Thanks for the detailed comparison. I have been told Idaho was a beautiful, under the radar gem, that gets overshadowed by its neighbors as a great fishing destination. I hope to make a western fishing road trip in the next few years, and Idaho is definitely on the list.
A couple of questions. First, do you tie direct to your lure,or use a snap/swivel? Second, Are these wild fish, or is there a stocking program? Also, just out of curiosity, what elevation are you fishing?
I am having similar observations here on the east coast. Not to mention the limited time I have spent fishing plugs. The experimentation adds another element to an already fun pursuit.

Jul 19, 2018
Answering JJ's questions
by: Les Albjerg

JJ - In the mountains, I was fishing at about 6,500 feet.
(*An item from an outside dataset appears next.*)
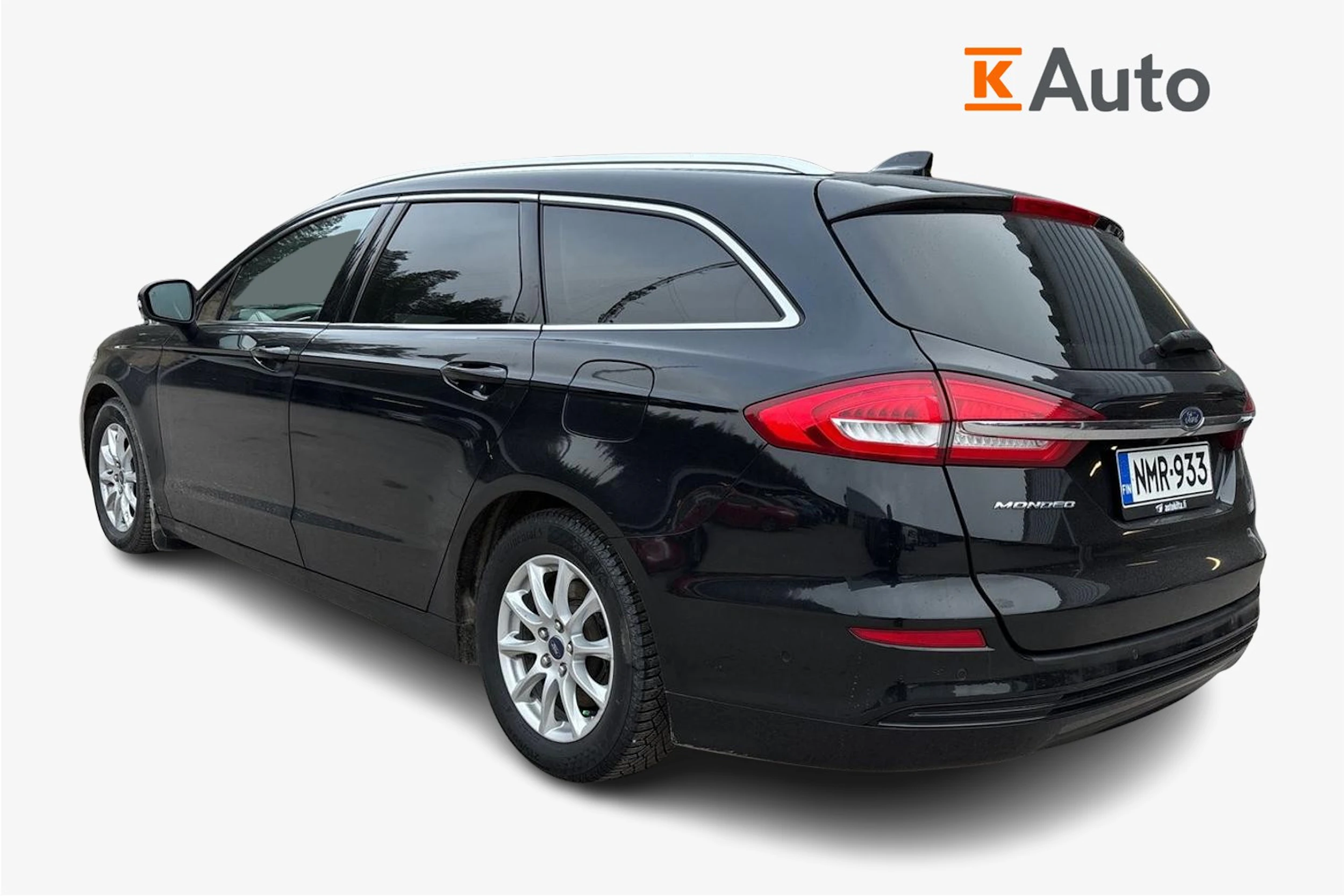 musta Ford Mondeo 2022 kuva 2.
All the fish in that drainage are wild fish. I was surprised I didn't catch any cutthroat. They often move up and down this major creek. Wilson Springs near my house is a huge freshwater spring that is between 50 and 60 degrees all year. It is at about 2500 feet. It is planted with rainbows almost every other week. There is a trophy pond, but I never seem to get over there. There are three major pools and it forms Wilson Creek.

As far as tying on, I started with a Cultiva Tairiki Snap, but after an hour just skipped it. One thing I learned is that casting spinners does damage the line. Checking often and retying wasn't that hard. Now that I am going back to casual fishing, I will be using a snap or swivel again. I really didn't experience much line twist.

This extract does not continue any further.